## [Instructions for the task]
Each line holding the word "Picture" must appear in the answer, copied from the entries.

Segment Start: Extracted data

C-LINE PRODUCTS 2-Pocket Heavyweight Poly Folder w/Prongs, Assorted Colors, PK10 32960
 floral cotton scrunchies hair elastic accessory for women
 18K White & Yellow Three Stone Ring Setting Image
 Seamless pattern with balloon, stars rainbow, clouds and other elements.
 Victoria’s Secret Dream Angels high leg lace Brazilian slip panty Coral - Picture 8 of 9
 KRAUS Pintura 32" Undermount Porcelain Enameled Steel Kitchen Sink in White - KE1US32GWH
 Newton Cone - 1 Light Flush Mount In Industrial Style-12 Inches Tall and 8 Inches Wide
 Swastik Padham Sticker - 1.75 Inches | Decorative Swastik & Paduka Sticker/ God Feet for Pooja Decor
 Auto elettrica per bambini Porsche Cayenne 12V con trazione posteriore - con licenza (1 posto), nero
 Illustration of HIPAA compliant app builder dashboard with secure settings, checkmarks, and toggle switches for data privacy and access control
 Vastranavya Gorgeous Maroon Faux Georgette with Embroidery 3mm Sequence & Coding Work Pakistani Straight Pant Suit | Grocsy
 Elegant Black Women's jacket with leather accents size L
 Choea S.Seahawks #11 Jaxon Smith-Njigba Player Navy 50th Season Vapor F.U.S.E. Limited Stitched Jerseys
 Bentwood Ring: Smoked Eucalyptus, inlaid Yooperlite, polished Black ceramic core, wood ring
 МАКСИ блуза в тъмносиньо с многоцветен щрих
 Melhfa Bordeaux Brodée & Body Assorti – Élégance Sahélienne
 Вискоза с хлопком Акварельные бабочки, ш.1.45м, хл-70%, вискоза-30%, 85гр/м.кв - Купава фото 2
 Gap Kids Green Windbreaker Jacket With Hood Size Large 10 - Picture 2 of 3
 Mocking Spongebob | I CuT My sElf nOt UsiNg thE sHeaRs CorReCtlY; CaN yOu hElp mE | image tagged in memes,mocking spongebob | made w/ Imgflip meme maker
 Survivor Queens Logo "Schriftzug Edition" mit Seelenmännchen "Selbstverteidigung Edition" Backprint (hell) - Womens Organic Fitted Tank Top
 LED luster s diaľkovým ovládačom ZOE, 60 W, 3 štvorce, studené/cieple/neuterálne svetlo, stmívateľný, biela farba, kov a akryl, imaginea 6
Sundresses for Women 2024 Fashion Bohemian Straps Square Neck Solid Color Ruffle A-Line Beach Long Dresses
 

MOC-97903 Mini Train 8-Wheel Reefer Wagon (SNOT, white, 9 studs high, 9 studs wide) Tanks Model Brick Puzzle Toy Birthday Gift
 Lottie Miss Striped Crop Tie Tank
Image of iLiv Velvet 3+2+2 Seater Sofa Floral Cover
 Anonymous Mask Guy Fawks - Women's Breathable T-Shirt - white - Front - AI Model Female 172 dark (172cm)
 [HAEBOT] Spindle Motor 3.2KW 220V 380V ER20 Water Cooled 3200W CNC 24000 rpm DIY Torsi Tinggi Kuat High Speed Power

Segment End: Extracted data

## [Exercise answer]
 Victoria’s Secret Dream Angels high leg lace Brazilian slip panty Coral - Picture 8 of 9
 Gap Kids Green Windbreaker Jacket With Hood Size Large 10 - Picture 2 of 3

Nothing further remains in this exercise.